Thread-safe code is code that is always executed correctly and does not suffer from concurrency hazards even when executed concurrently from multiple threads.
Overview
One of Clojure design goals was to make concurrent programming easier. The thinking is that as modern CPUs add more and more cores and the number of CPUs is increasing as well, the biggest contributor to application throughput will come from making use of those resources.
The key design decision was making Clojure data structures immutable (persistent) and separating the concepts of identity and value. The importance of immutability cannot be over-emphasized: immutable values can be safely shared between threads, eliminate many concurrency hazards, and ultimately make it easier for developers to reason about their programs.
However, a language that only has immutable data structures and no way to change (mutate) program state is not very useful. The identity/value separation makes state mutations (e.g., incrementing a counter or adding an element to a list) possible in ways that have known guarantees with respect to concurrency. This separation largely eliminates the need for explicit use of locks, which is possible in Clojure but typically not necessary.
To put it another way: "changing variables" in Clojure happens differently from many other languages; in ways that are predictable from the concurrency perspective and which eliminate many concurrency hazards.
Next lets take a closer look to the identity/value separation.
Identity/Value Separation ("on State and Identity")
In Clojure, values are immutable. They never change. For example, a number is a value.
A map {:language "Clojure"}
is a value. A vector with 3 elements is a value.
When you attempt to modify a value (a data structure), a new value is produced instead. These are known as persistent data structures (the word "persistent" has nothing to do with storing data on disk).
An identity is a named entity (e.g., a list of active chat group
members or a counter) that changes over time and at any given moment references a value.
For example, the current value of a counter may be 42
. After incrementing it, the value
is 43
but it is still the same counter --- the same identity. This is different from, say, Java
or Ruby, where variables serve as identities that (typically) point to a mutable value
and which are modified in place.
See also Values and Change: Clojure’s approach to Identity and State on clojure.org.
Identities in Clojure can be of several types, known as reference types.
Clojure Reference Types
Overview
In Clojure's world view, concurrent operations can be roughly classified as coordinated or uncoordinated, and synchronous or asynchronous. Different reference types in Clojure have their own concurrency semantics and cover different kind of operations:
Coordinated | Uncoordinated | |
---|---|---|
Synchronous | Refs | Atoms |
Asynchronous | — | Agents |
- Coordinated
- An operation that depends on cooperation from other operations (possibly, other operations at least do not interfere with it) in order to produce correct results.
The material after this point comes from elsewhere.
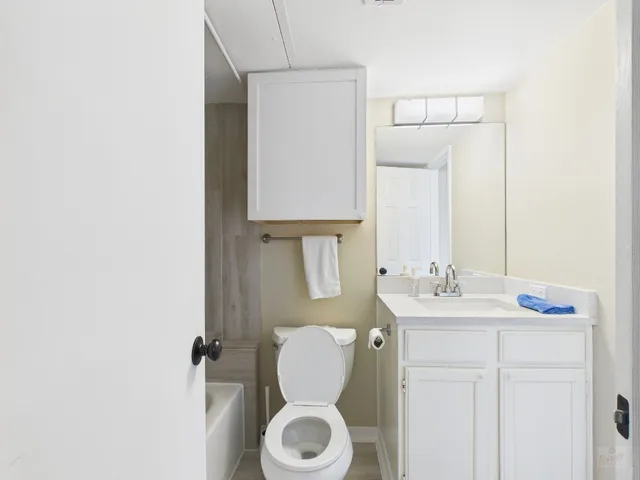 a bathroom with a sink a toilet a mirror and shower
For example, a banking operation that involves more than one account.
- Uncoordinated
- An operation that does not affect other operations in any way. For example, when downloading 100 Web pages concurrently, each operation does not affect the others.
- Synchronous
- When the caller's thread waits, blocks, or sleeps until it has access to a given resource or context.
- Asynchronous
- Operations that can be started or scheduled without blocking the caller's thread.
One more reference type, vars, supports dynamic scoping and thread-local storage.
Atoms
Atoms are references that change atomically (changes become immediately visible to all threads,
changes are guaranteed to be synchronized by the JVM). If you come from a Java background,
atoms are basically atomic references from java.util.concurrent
with a functional twist
to them. Atoms are identities that implement synchronous, uncoordinated, atomic updates.
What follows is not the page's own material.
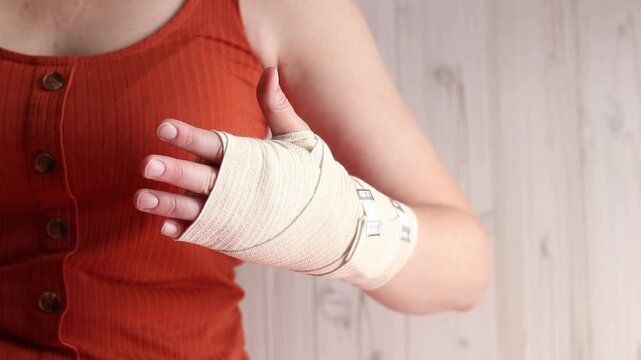 Woman with elastic compression bandage on wrist and palm. Medical care for joint pain, sports injuries or arthritis. Female hand with elastic bandage on wrist, close-up. Hand in medical bandage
Lets jump right in and demonstrate how atoms work using an example. We know that Clojure data structures are immutable by default. Adding an element to a collection really produces a new collection. In such case, how does one keep a shared list (say, of active connections to a server or recently crawled URLs) and mutate it in a thread-safe manner? We will demonstrate how to accomplish this with an atom.
To create an atom, use the clojure.core/atom
function. Its argument will serve as the atom's
initial value:
(def currently-connected (atom []))
The line above makes the atom currently-connected
an empty vector. To access an atom's value, use
clojure.core/deref
or the @
reader form:
(def currently-connected (atom []))
@currently-connected
;; ⇒ []
(deref currently-connected)
;; ⇒ []
currently-connected
;; ⇒ #object[clojure.lang.Atom 0x7499eac7 {:status :ready, :val []}]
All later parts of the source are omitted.